Vitalina Varela

Vitalina Varela **1/2

Cinque anni dopo il Pardo alla regia per Cavalo Dinheiro il portoghese Pedro Costa torna a Locarno con un nuovo film ambientato nella stessa favela di Fontainhas a Lisbona, tra le case di fortuna, occupate dagli immigrati capoverdiani.

Vitalina Varela, Pardo d’Oro e premio per la migliore interpretazione femminile nel 2019, compone con il precedente un dittico lontanissimo da molto cinema del presente.

Vitalina, che compariva anche nel precedente in piccolo ruolo, qui diventa protagonista, mentre il prete Ventura che era al centro di Cavalo Dinheiro, qui diventa uno dei personaggi laterali: entrambi attori non professionisti, consentono a Costa di continuare il suo percorso originale, che sfronda ogni elemento narrativo e rifiuta persino l’osservazione documentaristica, affidandosi ad una messa in scena rarefatta, ipnotica, composta di quadri a camera fissa, in cui la luce svolge un ruolo decisivo, per illuminare volti, occhi, gesti, lasciando il resto in un’oscurità fortemente simbolica.

Il film si apre con una lenta processione, avvolta nel buio della notte. Joaquim, uno degli operai che vive nel quartiere è appena morto. Una sorta di quarto stato capoverdiano gli tributa un silenzioso omaggio.

Vitalina Varela, la moglie che Joaquim ha abbandonato a Capo Verde venticinque anni prima, lo raggiunge finalmente in Portogallo, ma è troppo tardi. Il suo corpo è stato sepolto da tre giorni e nessuno sembra volerla lì.

Ostinatamente Vitalina prende possesso della piccola casa del marito, “un lavoro fatto molto male, pieno di infiltrazioni, con porte di merda” e un tetto che trema ad ogni tempesta.

Pian piano la protagonista cerca di comprendere il senso di quella esistenza parallela che il marito ha condotto in Portogallo, anche grazie all’aiuto di un prete completamente ubriaco, che non dice più messa perchè fedeli non ce ne sono più e che ha perso la fede, assediato da un’oscurità che si è mangiata tutto.

Vitalina Varela è un film fatto di atmosfere, di silenzi, di simboli, che riprende la comunità capoverdiana con un senso fotografico dell’immagine. Gli unici personaggi che sembrano muoversi sono Vitalina e il prete. Gli altri sono come comprimari che lo sfondo inghiotte nel buio che avvolge il film e che la luce squarcia solo raramente, come preclusa da queste abitazioni senza finestre, basse, chiuse, spoglie, di fortuna.

Non è un cinema realistico quello di Costa, che invece mostra sempre il lavoro del suo sguardo sulla realtà che vuole raccontare. Anche se si affida ad attori non professionisti, il suo lavoro sembra evocare quel cinema del trascendente che Paul Schrader aveva messo al centro del suo famoso saggio e che ha aggiornato di recente Rethinking Transcendental Style, 2018, inserendo il regista di Vitalina Varela in quella corrente estetica dello slow-cinema, condivisa con Lav Diaz, Bela Tarr, Tsai-Ming Liang, che tende a superare le maglie della narrazione, per fare emergere significati non immediatamente visibili.

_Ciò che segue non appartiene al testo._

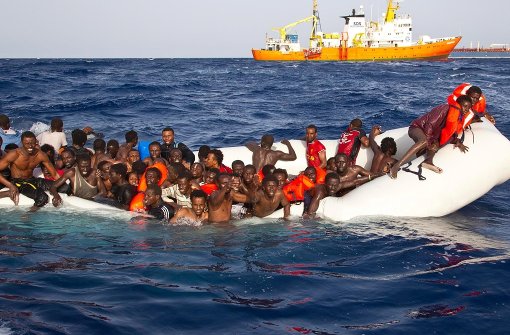 Immer wieder kommen völlig überfüllte Boote mit Flüchtlingen, wie dieses im April 2016, vor der Insel Lampedusa an. Foto: dpa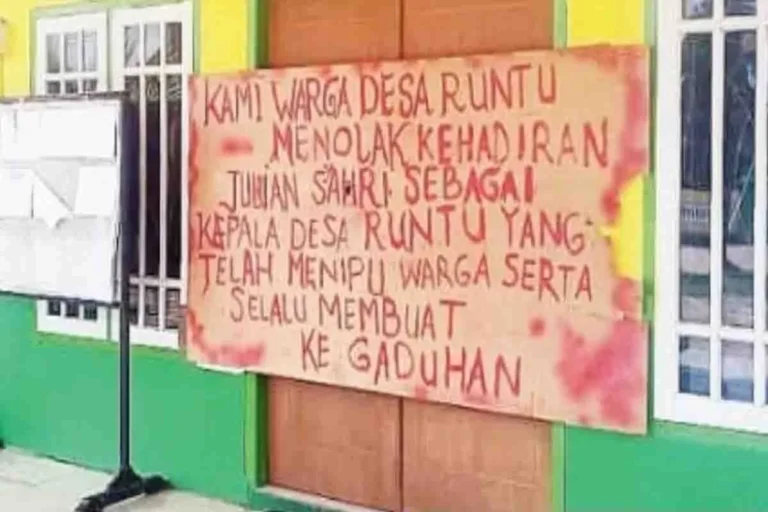 Kondisi Kantor Desa Runtu setelah dilakukannya penyegelan oleh sejumlah warga.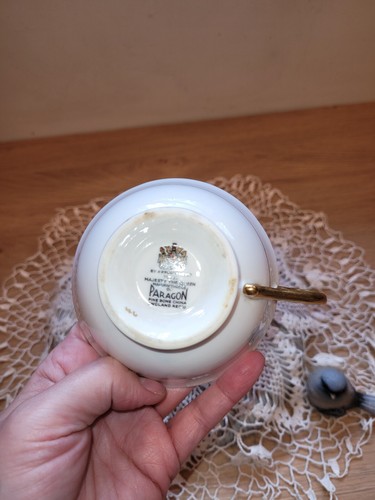 Paragon nach Vereinbarung mit Ihrer Majestät der Königin Porzellan Töpfer Teetasse & Untertasse  - Bild 6 von 7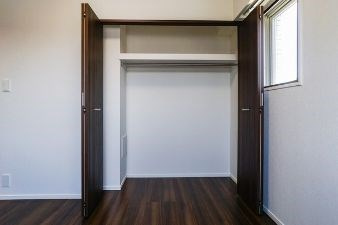 【寝室】リビオメゾン入谷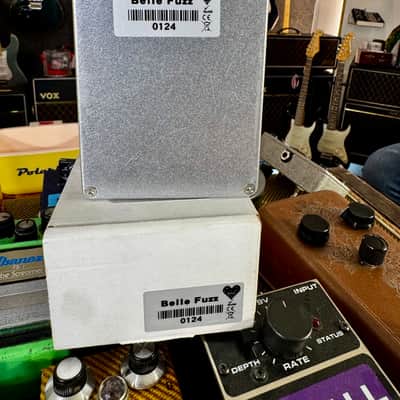 Smart Belle Fuzz Super Limited Edition Made in USA S/N : 0124 image 9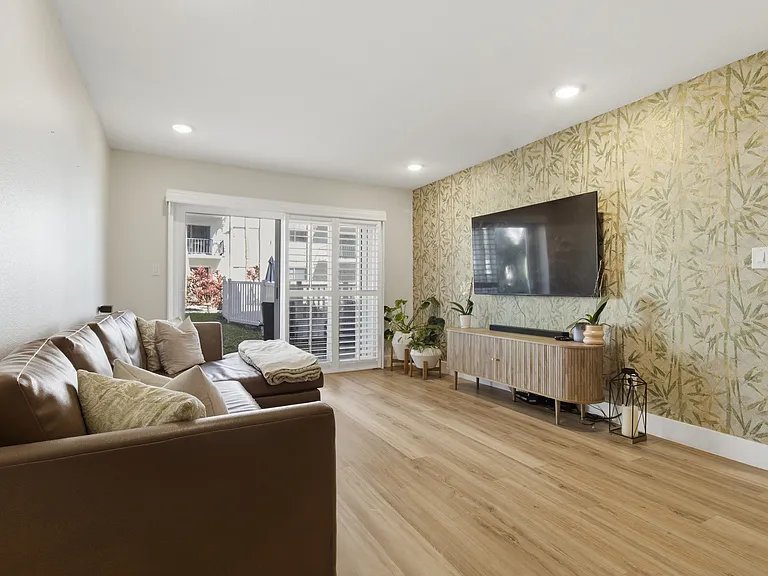 4611 W Fig St #103 — Photo 31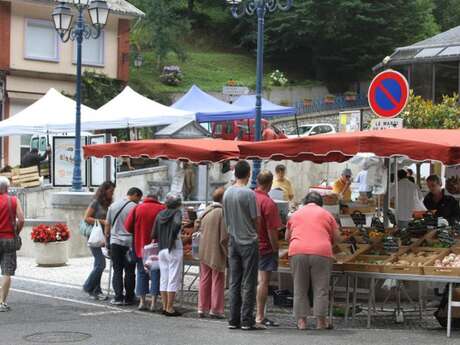 MARCHÉ DE CAPVERN LES BAINS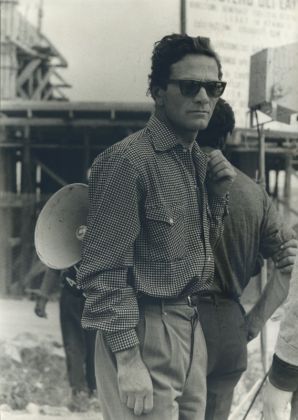 Alberto Durazzi, Agenzia Dufoto, Pasolini durante la lavorazione di Uccellacci e uccellini, 1966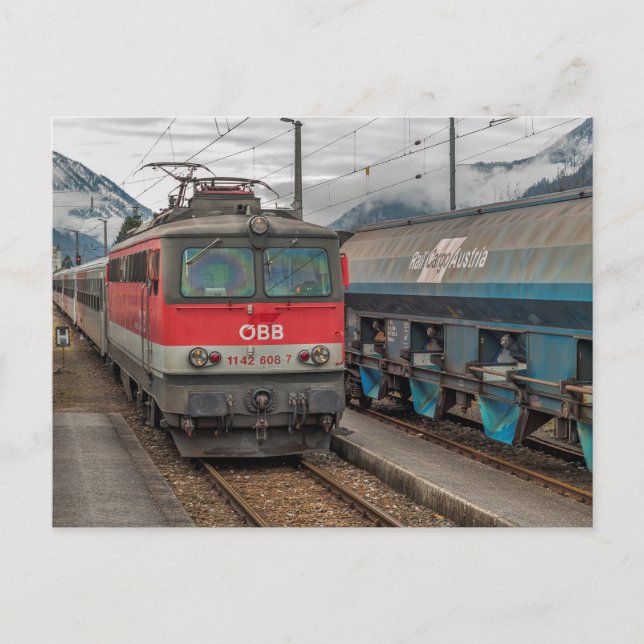 Austria. ÖBB 1142 608 - 7 passes by. Postcard (Front)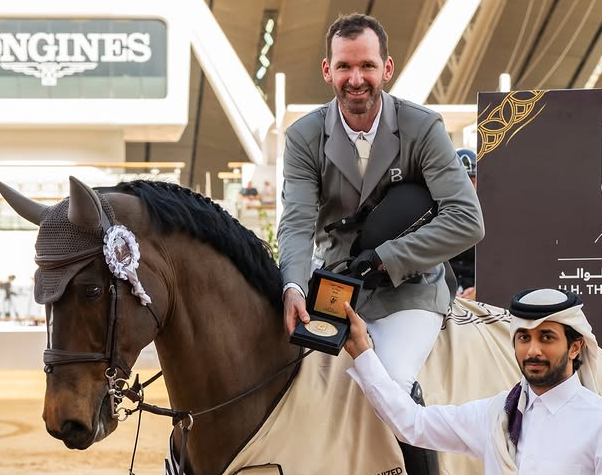 Philipp Weishaupt gewinnt das 1., Janne Meyer wird Vierte im 2. Weltranglisten-Springen in Doha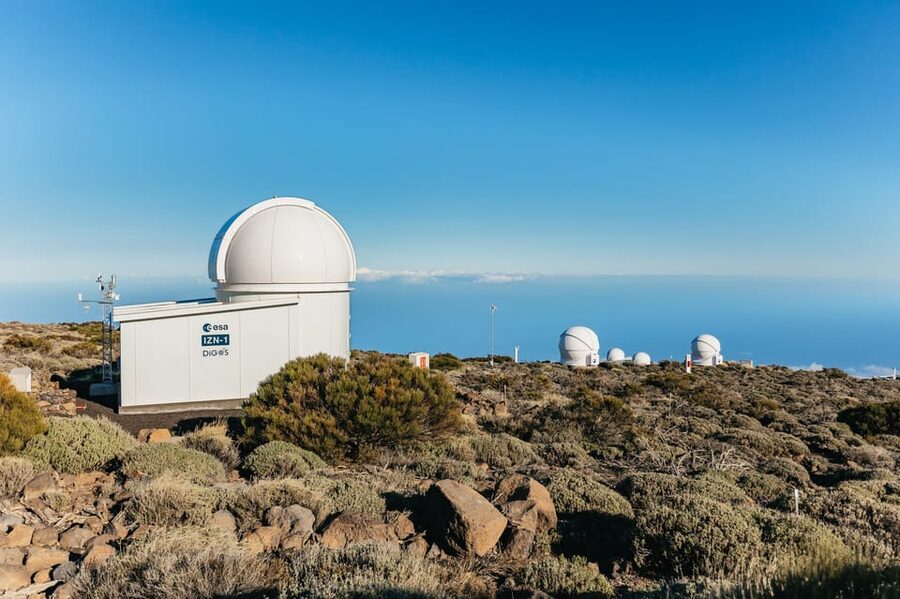 Tenerife: Mount Teide Observatory Guided Tour - The high mountain setting changes the experience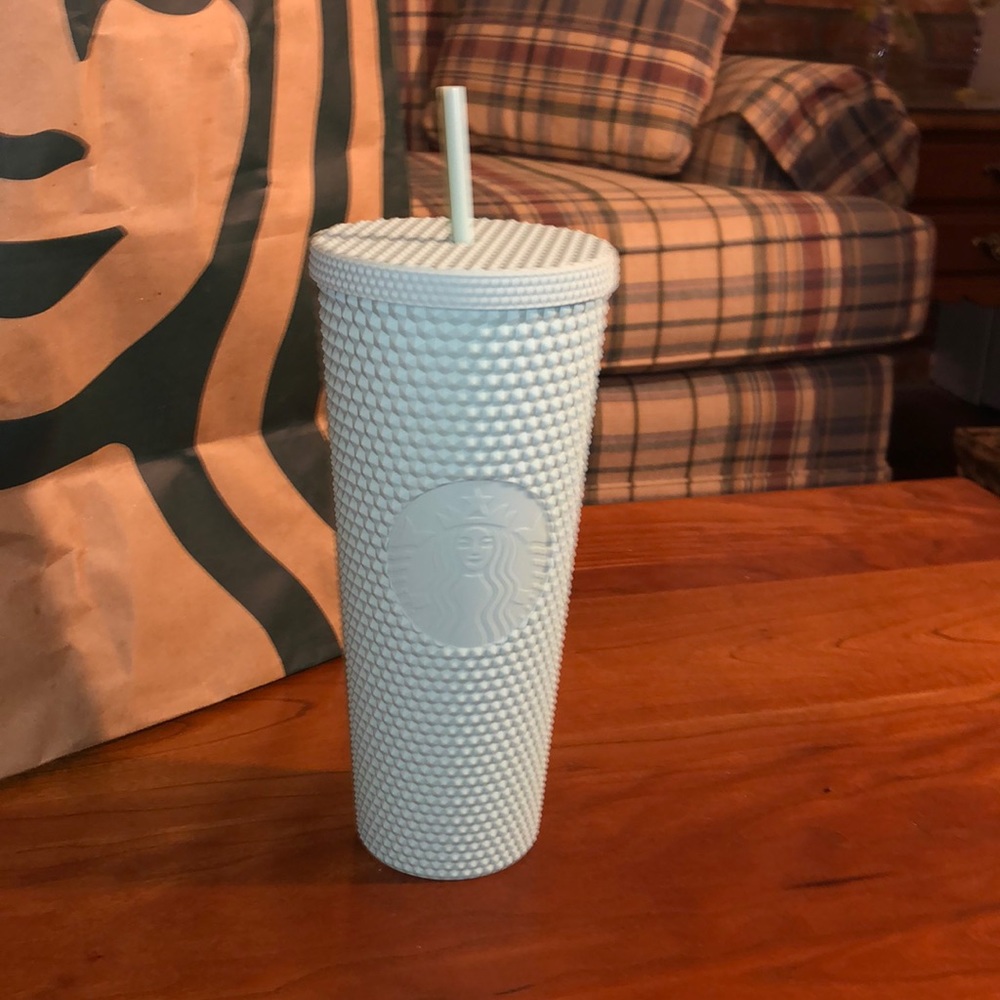 Brand new mint studded venti.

Costa azzera tutti gli elementi che consentono una identificazione emotiva con i personaggi, coglie nei suoi film uno iato narrativo, che si alimenta solo della presenza dei suoi attori, inquadrati sempre a camera fissa, senza colonna sonora o altri elementi extradiegetici.

Le scene si susseguono come giustapposte, senza più causalità logica e il finale rimane sospeso, non chiude nulla, anzi in questo caso sembra essere semplicemente un ricordo passato.

Molti hanno scritto di senso del sacro, di spiritualità delle immagini. A me invece è parso che Vitalina Varela sia un film sin troppo compiaciuto, levigato, cesellato, pieno di recadrage, tagli di luce, leggeri grandangoli, che sembra quasi scolpire le sue immagini, in quel formato stretto scelto con il direttore della fotografia Leonardo Simões, e che tuttavia restano molto lontane dalla forza mitopoietica, dalla disperazione, dal dolore evocato dai lavori di Bela Tarr o Tsai-Ming Liang.

Un film che si specchia e si trova bello, davvero poco interessato al destino dei suoi personaggi.

Qui tutto sembra essere immobile e inerte, ma terribilmente affollato di simboli – una croce azzurra che macchia il legno, i panni stesi, la chiesa di lamiera, gli ubriachi riversi a terra, le scale buie, le fogne che scorrono in mezzo alla strada, il cimitero con le lapidi divise per anno – che gravano sull’infinita contemplazione di Vitalina, che si prolunga per 130 minuti.

Il film è disponibile su Raiplay, ma è certamente un’opera a cui non giova la presentazione televisiva e la visione casalinga e che sembra trovare il suo spazio ideale nei festival o nelle rassegne d’essai.

Estenuante.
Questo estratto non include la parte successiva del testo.